START INPUT DATA

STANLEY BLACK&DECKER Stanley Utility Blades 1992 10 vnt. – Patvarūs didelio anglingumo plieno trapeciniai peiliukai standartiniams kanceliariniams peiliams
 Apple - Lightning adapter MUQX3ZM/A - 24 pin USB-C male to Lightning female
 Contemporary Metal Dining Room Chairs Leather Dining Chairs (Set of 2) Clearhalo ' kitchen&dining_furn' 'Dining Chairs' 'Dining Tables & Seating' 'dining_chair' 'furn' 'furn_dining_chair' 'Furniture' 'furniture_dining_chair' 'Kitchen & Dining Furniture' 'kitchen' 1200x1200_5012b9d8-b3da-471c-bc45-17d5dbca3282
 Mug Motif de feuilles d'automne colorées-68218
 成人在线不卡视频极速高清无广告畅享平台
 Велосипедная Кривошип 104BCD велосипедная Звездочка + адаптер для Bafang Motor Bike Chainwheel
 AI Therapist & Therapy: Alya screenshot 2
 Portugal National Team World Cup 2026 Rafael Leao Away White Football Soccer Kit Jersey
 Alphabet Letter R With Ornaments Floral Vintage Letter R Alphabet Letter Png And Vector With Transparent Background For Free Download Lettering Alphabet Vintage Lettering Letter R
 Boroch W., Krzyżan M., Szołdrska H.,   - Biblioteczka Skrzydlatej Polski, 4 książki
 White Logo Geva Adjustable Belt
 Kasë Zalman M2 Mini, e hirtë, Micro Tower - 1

END INPUT DATA

[ASSIGNED TASK]
Going through the entries above, report how many lines include the string "White". The number alone is the answer.

[REPLY TO THE EXERCISE]
2